Performing feature fusion on the final feature map of the left eye and the final feature map of the right eye output by the residual attention module by setting a moving average variable to obtain a final binocular fusion feature;

and inputting the final binocular fusion characteristics into a pre-trained classifier, and outputting a disease type label.

Preferably, the method comprises the steps of,

The step of performing feature fusion on the final feature map of the left eye and the final feature map of the right eye output by the residual attention module by setting a moving average variable, and the step of obtaining final binocular fusion features comprises the following steps:

Inputting the final feature map of the left eye and the final feature map of the right eye output by the residual attention module into a pre-built binocular feature fusion module;

Initializing a moving average variable into a zero matrix in the binocular feature fusion module, wherein the size of the moving average variable is consistent with the input features;

setting a sliding average attenuation coefficient, and multiplying a left eye final feature map and a right eye final feature map of each frame by elements to obtain an input feature at the current moment;

updating a moving average variable, obtaining an output fusion characteristic at the current moment through the updated moving average variable, taking the output fusion characteristic at the current moment as the input of a next frame, selecting a specific time step as the termination, and outputting a final binocular fusion characteristic.

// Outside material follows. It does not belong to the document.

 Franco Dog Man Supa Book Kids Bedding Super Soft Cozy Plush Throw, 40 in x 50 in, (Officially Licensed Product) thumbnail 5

Preferably, the method comprises the steps of,

The loose pairing is carried out on the original pairing list, and the loose pairing list is obtained comprises the following steps:

Setting a disease category label of each input sample in the original pairing list, if the disease category labels of any two input samples are the same, selecting a left eye fundus image of one input sample and a right eye fundus image of the other input sample, adding the right eye fundus image of one input sample and the left eye fundus image of the other input sample into a preset blank loose pairing list, and traversing the whole original pairing list to obtain a loose pairing list.

Preferably, the method comprises the steps of,

Extracting the channel attention characteristic of the new binocular fundus image dataset by using the channel attention weight of the channel attention module in the residual attention module, and obtaining a weighted characteristic diagram comprises the following steps:

performing convolution operation on fundus images in the new binocular fundus image dataset by using a convolution check of 3×3, wherein the stride is 1, and the boundary filling is 1, so as to obtain a first convolution characteristic diagram;

carrying out batch normalization on the first convolution feature images, calculating the mean value and the variance on each channel, and then carrying out scaling and shifting operations on the first convolution feature images;

non-linear activation is performed on the first convolution feature map subjected to scaling and translation operations by using a ReLU activation function;

performing a second convolution operation on the activated first convolution feature map to generate a second convolution feature map, and performing batch normalization, scaling, translation and nonlinear activation operations on the second convolution feature map respectively;

Then 128 convolution cores of 3 multiplied by 3 are used for carrying out a third convolution operation on the second convolution characteristic map to obtain a characteristic map;

Performing global average pooling operation on the feature map to obtain a first feature vector;

mapping the first feature vector into a channel attention weight W through a full connection layer to generate a second feature vector;

and multiplying the second feature vector by the corresponding channel of the feature map element by element to obtain a weighted feature map.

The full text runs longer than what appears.